Menurut Liza, keleluasaan industri rokok melakukan iklan, promosi, dan sponsor menunjukkan melemahnya regulasi. Peraturan Pemerintah Nonor 109 tahun 2012 tentang Pengamanan Bahan yang Mengandung Zat adiktif berupa Produk Tembakau Bagi Kesehatan tidak mampu mengendalikan dan melindungi generasi muda dari target industri rokok.

“Tak heran bila prevalensi perokok anak di Indonesia terus meningkat,” papar dia.

Riset Kesehatan Dasar 2018 yang baru saja dirilis, menunjukan prevalensi perokok anak naik dari 7,2 persen pada 2013 menjadi 9,1 persen pada 2018. Sementara itu Rencana Pembangunan Jangka Menengah (RPJM) menargetkan pada tahun 2019 prevalensi perokok anak harus turun sampai dengan 5,4 persen.
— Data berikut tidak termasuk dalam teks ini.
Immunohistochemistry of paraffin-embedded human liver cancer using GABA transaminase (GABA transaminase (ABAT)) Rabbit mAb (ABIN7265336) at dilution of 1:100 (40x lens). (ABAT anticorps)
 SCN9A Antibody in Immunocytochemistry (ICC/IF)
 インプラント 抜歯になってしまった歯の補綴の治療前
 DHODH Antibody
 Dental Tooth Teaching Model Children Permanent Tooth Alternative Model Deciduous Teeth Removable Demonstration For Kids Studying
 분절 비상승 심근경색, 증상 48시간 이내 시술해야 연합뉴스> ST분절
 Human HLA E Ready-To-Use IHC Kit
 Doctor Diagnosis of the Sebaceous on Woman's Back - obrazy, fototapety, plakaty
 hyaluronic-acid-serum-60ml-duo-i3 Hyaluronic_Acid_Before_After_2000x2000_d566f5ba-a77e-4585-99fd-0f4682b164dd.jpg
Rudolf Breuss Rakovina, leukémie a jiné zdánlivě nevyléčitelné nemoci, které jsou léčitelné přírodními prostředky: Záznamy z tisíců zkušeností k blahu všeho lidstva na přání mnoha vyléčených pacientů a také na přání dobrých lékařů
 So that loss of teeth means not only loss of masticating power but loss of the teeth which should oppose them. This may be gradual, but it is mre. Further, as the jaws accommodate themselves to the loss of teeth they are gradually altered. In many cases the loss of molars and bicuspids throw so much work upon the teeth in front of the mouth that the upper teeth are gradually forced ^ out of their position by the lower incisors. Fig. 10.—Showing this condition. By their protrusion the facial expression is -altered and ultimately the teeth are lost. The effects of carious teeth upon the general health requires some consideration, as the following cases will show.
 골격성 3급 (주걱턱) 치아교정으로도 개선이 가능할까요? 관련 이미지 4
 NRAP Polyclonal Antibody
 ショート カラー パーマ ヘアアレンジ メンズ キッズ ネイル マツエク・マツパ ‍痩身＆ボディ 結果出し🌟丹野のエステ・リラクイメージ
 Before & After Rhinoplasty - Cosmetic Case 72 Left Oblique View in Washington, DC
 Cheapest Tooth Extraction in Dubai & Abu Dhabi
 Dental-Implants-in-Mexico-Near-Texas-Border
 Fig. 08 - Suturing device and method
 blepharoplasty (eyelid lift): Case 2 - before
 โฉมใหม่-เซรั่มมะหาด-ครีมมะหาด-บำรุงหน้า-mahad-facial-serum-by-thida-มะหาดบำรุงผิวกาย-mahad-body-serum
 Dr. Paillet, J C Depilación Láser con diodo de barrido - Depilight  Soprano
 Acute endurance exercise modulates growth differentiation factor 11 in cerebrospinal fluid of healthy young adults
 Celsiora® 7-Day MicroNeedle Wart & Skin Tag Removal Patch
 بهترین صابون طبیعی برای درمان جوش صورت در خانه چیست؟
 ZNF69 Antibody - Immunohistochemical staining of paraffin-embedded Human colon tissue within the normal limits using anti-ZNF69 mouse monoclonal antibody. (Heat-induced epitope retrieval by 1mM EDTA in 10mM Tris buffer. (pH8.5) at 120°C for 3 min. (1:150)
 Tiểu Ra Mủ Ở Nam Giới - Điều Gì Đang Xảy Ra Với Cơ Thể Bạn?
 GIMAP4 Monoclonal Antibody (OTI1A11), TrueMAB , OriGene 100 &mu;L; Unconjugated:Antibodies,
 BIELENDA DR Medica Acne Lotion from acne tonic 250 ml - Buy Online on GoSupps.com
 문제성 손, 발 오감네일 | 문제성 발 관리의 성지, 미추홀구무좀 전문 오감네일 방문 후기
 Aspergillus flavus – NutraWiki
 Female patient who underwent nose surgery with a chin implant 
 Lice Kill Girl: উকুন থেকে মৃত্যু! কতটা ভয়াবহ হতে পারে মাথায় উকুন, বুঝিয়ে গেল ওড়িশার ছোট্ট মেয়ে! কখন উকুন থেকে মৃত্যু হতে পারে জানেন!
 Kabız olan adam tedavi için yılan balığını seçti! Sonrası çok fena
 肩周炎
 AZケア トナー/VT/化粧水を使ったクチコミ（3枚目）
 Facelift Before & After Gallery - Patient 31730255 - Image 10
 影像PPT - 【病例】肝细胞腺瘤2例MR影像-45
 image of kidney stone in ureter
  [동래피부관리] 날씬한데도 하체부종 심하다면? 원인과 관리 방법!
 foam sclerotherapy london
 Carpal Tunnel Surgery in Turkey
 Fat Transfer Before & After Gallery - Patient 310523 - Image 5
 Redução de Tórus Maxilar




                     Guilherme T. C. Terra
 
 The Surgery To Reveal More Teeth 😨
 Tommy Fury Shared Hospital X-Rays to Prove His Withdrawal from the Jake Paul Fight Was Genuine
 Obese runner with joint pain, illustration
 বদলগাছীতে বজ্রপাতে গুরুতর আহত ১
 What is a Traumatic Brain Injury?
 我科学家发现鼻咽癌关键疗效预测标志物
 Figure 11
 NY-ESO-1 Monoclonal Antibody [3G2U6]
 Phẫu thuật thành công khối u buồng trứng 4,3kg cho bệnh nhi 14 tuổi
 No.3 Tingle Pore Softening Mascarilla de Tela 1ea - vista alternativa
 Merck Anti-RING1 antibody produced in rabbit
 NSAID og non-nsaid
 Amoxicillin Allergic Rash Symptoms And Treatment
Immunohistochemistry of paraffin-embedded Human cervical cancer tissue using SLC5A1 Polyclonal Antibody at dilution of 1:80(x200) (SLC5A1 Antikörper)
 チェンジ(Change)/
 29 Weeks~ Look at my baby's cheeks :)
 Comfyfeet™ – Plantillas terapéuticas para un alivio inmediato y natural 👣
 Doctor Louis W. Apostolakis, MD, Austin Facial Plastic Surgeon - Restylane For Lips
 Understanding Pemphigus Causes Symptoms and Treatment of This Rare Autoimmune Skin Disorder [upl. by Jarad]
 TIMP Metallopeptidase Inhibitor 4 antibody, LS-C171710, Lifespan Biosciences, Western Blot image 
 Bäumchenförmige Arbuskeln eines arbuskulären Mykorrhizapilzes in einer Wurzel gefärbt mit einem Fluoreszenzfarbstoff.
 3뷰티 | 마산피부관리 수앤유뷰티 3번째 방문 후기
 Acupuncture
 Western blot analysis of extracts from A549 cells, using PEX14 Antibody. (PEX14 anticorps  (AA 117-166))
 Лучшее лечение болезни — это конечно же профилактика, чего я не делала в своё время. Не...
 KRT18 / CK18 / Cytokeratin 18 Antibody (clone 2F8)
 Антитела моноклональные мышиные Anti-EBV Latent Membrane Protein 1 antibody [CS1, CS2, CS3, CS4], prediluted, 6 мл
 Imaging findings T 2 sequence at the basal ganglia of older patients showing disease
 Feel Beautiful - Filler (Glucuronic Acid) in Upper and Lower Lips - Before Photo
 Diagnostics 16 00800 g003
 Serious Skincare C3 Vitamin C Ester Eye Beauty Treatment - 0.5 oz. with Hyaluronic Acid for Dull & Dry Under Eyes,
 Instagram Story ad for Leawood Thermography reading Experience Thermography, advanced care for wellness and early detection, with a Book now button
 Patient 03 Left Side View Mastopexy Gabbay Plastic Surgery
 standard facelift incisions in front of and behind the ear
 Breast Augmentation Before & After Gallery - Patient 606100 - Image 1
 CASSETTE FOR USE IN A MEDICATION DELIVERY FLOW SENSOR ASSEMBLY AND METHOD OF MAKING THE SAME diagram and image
Ketua Lentera Anak, Lisda Sundari menyampaikan ironis melihat Kementerian Keuangan yang mengabaikan fakta mengenai data naiknya perevalensi perokok anak. Pemerintah seolah enggan untuk menaikkan cukai rokok pada tahun 2019.

“Hal ini akan semakin membuat anak-anak mudah menjangkau rokok, karena harganya murah, apalagi ditambah dengan gencarnya iklan, promosi, dan sponsor rokok. Dengan kondisi demikian, tampaknya sulit bagi pemerintah untuk mencapai target RPJM pada 2019”, ujar paparnya.

Diskusi publik ini menghasilkan rekomendasi untuk pemerintah agar meningkatkan upaya melindungi anak-anak dan kaum muda supaya mereka tidak menjadi target pemasaran industri rokok. Upaya perlindungan ini seharusnya dilakukan dengan melarang iklan, promosi dan sponsor rokok.

sumber  : temp 


Tidak ada komentar

Diberdayakan oleh Blogger.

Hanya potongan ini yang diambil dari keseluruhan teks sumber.